*** Opening of GIVEN RECORDS ***

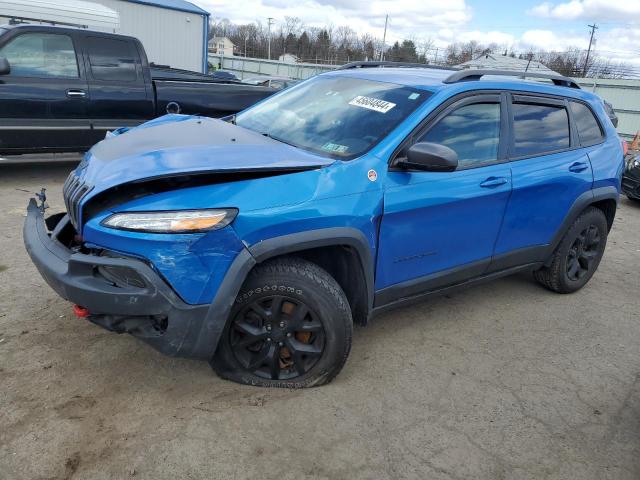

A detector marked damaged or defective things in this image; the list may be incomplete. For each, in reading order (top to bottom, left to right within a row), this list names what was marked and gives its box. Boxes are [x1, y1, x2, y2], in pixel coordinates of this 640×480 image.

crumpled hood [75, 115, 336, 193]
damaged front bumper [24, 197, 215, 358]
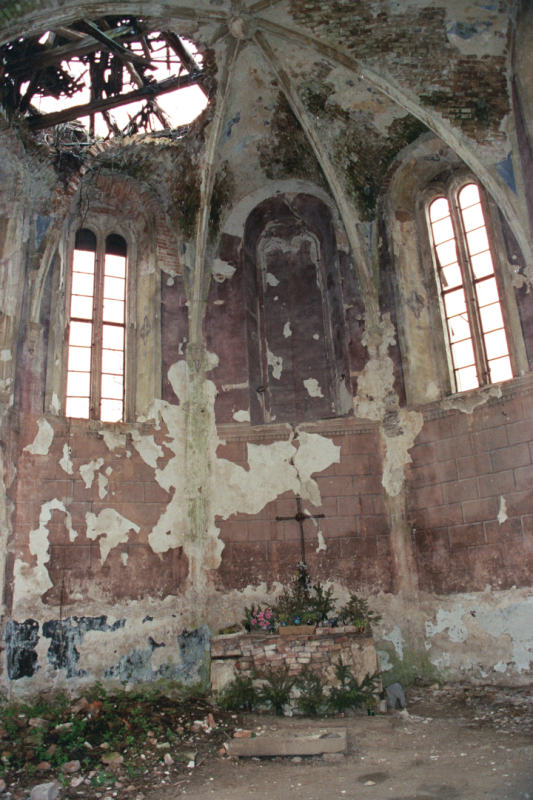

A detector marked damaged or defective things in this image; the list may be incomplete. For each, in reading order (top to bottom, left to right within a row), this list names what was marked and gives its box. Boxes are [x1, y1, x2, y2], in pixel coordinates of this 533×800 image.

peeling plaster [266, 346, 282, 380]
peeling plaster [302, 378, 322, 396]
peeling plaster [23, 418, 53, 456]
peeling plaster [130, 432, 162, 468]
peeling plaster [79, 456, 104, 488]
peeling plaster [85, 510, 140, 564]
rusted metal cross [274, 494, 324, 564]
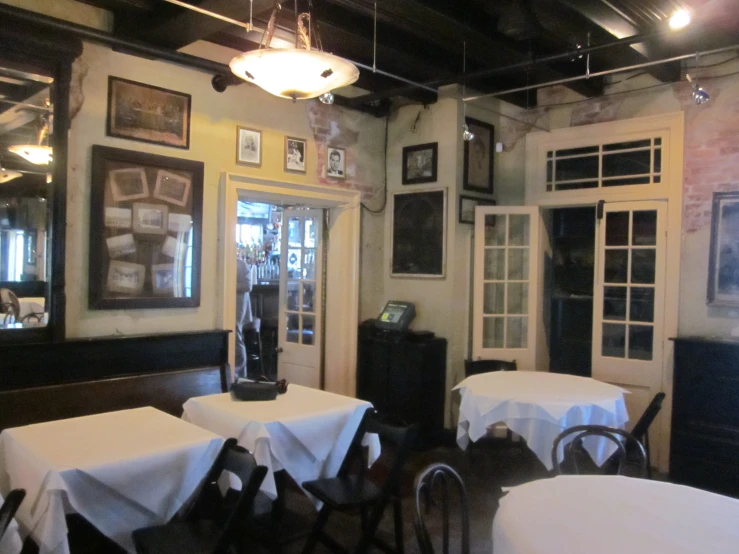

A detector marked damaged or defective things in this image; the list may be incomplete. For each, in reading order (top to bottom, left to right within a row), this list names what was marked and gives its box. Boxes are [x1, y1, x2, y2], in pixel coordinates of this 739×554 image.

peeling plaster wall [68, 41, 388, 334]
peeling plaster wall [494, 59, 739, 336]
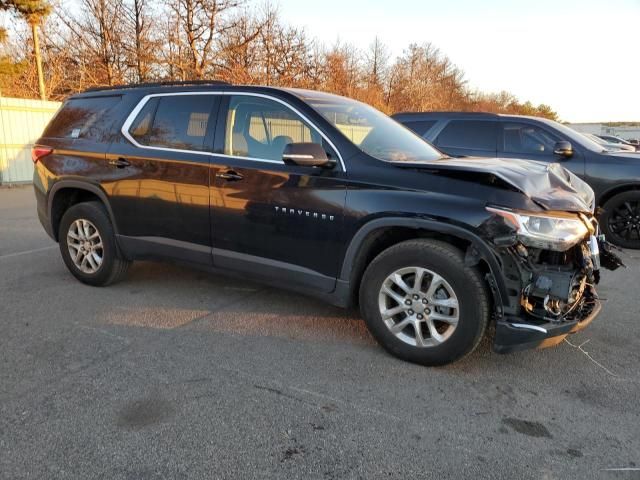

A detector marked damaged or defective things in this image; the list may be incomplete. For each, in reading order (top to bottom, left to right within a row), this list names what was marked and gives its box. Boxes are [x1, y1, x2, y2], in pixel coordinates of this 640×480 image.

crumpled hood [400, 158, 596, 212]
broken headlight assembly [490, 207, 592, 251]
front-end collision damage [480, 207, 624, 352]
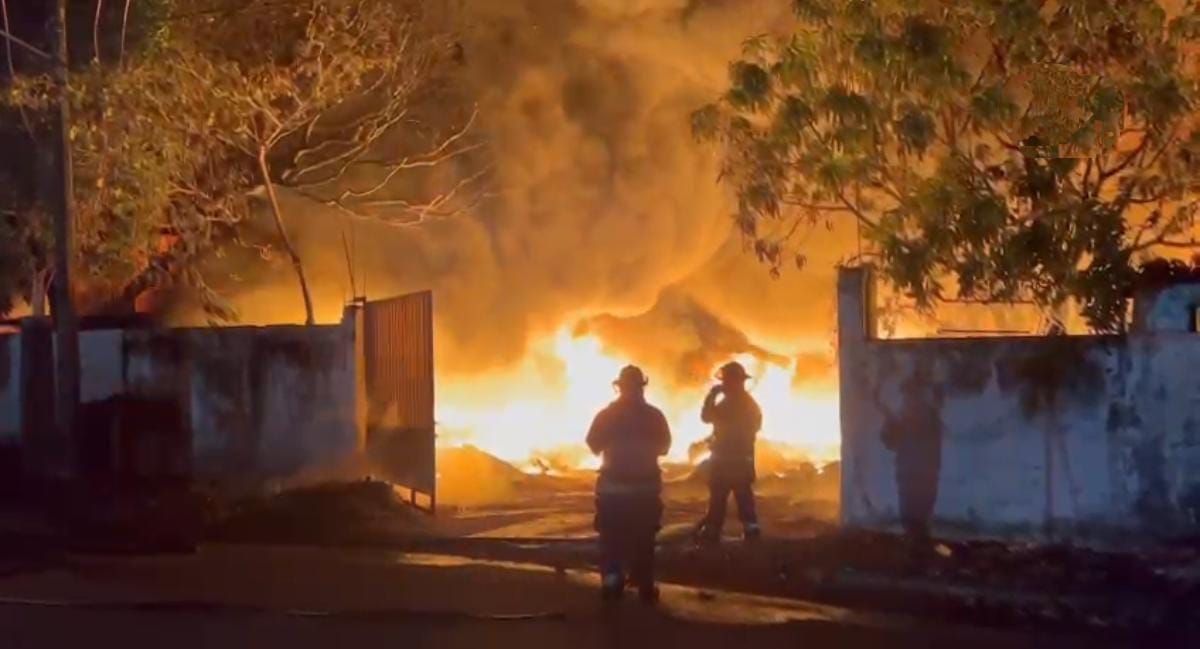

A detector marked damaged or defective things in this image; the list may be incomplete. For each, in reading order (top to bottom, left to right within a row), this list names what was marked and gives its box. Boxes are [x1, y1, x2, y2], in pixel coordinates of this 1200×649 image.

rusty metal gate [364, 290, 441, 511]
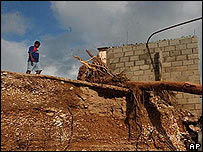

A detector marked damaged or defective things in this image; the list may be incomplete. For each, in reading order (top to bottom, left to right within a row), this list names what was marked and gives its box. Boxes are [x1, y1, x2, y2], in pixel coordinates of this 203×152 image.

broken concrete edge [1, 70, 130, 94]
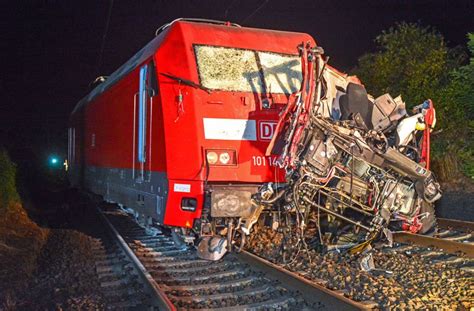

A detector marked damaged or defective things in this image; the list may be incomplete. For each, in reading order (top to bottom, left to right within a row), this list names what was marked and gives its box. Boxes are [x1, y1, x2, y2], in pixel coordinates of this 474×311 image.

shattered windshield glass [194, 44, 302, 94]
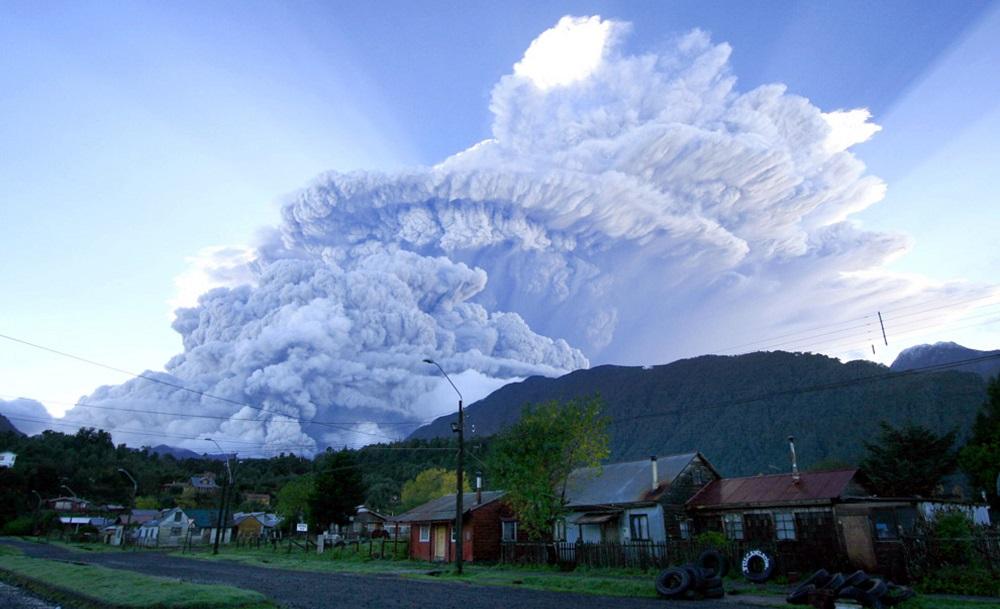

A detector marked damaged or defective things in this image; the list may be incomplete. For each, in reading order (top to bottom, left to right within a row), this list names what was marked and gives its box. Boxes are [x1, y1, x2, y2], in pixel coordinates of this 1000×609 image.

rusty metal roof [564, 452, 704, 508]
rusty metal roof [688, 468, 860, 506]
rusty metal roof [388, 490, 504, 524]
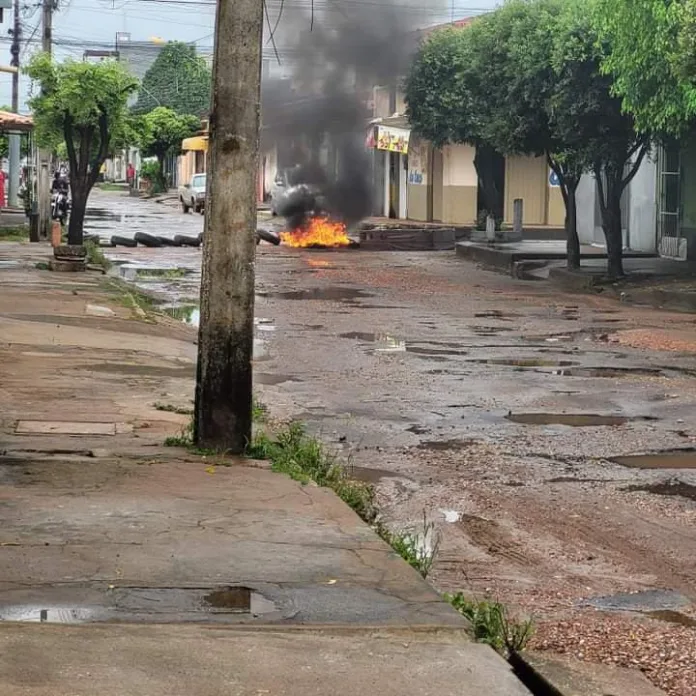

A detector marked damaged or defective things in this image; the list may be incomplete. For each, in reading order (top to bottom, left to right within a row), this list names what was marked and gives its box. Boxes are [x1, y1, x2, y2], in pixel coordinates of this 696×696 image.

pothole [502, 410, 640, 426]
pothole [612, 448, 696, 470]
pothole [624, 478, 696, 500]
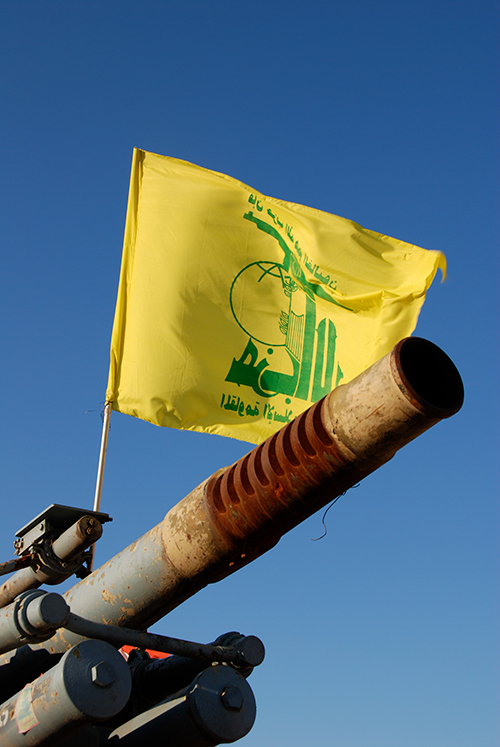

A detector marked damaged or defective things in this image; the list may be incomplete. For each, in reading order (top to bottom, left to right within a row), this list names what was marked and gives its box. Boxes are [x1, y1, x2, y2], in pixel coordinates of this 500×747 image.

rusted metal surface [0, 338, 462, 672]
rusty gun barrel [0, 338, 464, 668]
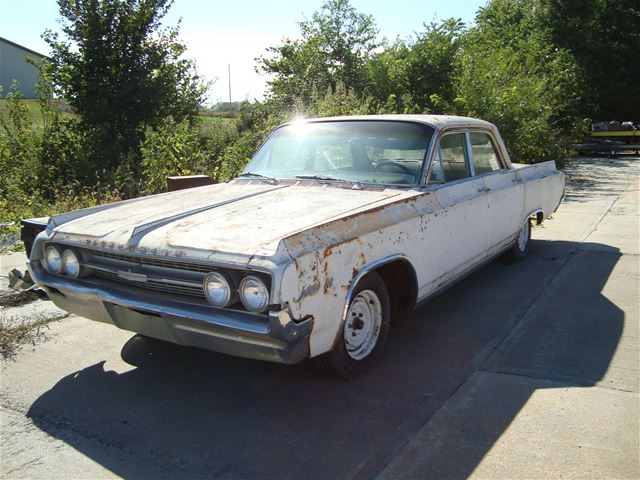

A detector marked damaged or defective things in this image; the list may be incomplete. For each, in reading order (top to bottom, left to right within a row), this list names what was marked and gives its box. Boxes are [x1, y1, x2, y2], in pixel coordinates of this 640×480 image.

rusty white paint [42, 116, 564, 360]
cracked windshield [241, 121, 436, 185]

*** Close of GIVEN RECORDS ***

• WORK REQUEST: Copy the entries precisely, images excluded.

• RESPONSE AREA:
A detector marked damaged or defective things in this image; the list may be incomplete. For each, in reading order (top to bottom, left to right within a row), this list names what was marked and gives its box. Boxes are [x1, y1, x2, y2], in pixel coordinates of this 640×480 image.

crumpled hood [75, 115, 336, 193]
damaged front bumper [24, 197, 215, 358]

A detector marked damaged or defective things in this image; the list may be incomplete. For each, in reading order (top to bottom, left to right within a row), this list names what was marked and gives its box. Boxes are [x1, y1, x2, y2], in pixel coordinates of this 533×800 image.

peeling plaster [266, 346, 282, 380]
peeling plaster [302, 378, 322, 396]
peeling plaster [23, 418, 53, 456]
peeling plaster [130, 432, 162, 468]
peeling plaster [79, 456, 104, 488]
peeling plaster [85, 510, 140, 564]
rusted metal cross [274, 494, 324, 564]

A detector marked damaged or defective things in this image; the list may be incomplete. For each, in reading order (top to bottom, left to right within a row), this list names what was marked and gives its box. Boxes are [x1, y1, x2, y2], in pixel coordinates of this 739×554 image.

peeling plaster wall [68, 41, 388, 334]
peeling plaster wall [494, 59, 739, 336]

A detector marked damaged or defective things in this image; the list may be incomplete. For each, in reading order (top to bottom, left to right within a row), this list names what was marked and gives its box. Boxes are [x1, y1, x2, y2], in pixel coordinates of this 640×480 image.

crumpled hood [400, 158, 596, 212]
broken headlight assembly [490, 207, 592, 251]
front-end collision damage [480, 207, 624, 352]

A detector marked damaged or defective things in this image; the list may be incomplete. For each, in reading order (top to bottom, left to right within a row), this list names what was marked and gives its box. Boxes are [x1, y1, x2, y2], in pixel coordinates of this 1200×649 image.

rusty metal gate [364, 290, 441, 511]

A detector marked damaged or defective things in this image; the list may be incomplete. For each, in reading order (top to bottom, left to right within a row), this list names what was marked and gives its box. Boxes are [x1, y1, x2, y2], in pixel coordinates of this 203×152 image.

broken concrete edge [1, 70, 130, 94]

A detector marked damaged or defective things in this image; the list may be incomplete. For each, in reading order (top to bottom, left to right within a row), this list names what was marked and gives its box. Boxes are [x1, y1, x2, y2], in pixel coordinates of this 474×311 image.

shattered windshield glass [194, 44, 302, 94]

A detector marked damaged or defective things in this image; the list may be incomplete. For each, in reading order (top to bottom, left to right within a row), this list names what was marked and gives its box. Boxes are [x1, y1, x2, y2], in pixel coordinates of this 1000×609 image.

rusty metal roof [564, 452, 704, 508]
rusty metal roof [688, 468, 860, 506]
rusty metal roof [388, 490, 504, 524]

A detector marked damaged or defective things in this image; the list may be incomplete. For each, in reading order (top to bottom, left to right within a row), this list names what was marked and gives its box. Boxes are [x1, y1, x2, y2], in pixel coordinates of this 696×696 image.

pothole [502, 410, 640, 426]
pothole [612, 448, 696, 470]
pothole [624, 478, 696, 500]

A detector marked damaged or defective things in this image; the list may be incomplete. For each, in reading order (top to bottom, left to right within a row), this list names what was marked and gives its box. Boxes are [x1, y1, x2, y2], in pixel coordinates of this 500×747 image.

rusted metal surface [0, 338, 462, 672]
rusty gun barrel [0, 338, 464, 668]

A detector marked damaged or defective things in this image; the list may be incomplete. For each, in reading order (top to bottom, left to right within a row), this list names what was marked and gives its box. Boxes are [x1, y1, x2, y2], in pixel coordinates of this 640×480 image.

rusty white paint [42, 116, 564, 360]
cracked windshield [241, 121, 436, 185]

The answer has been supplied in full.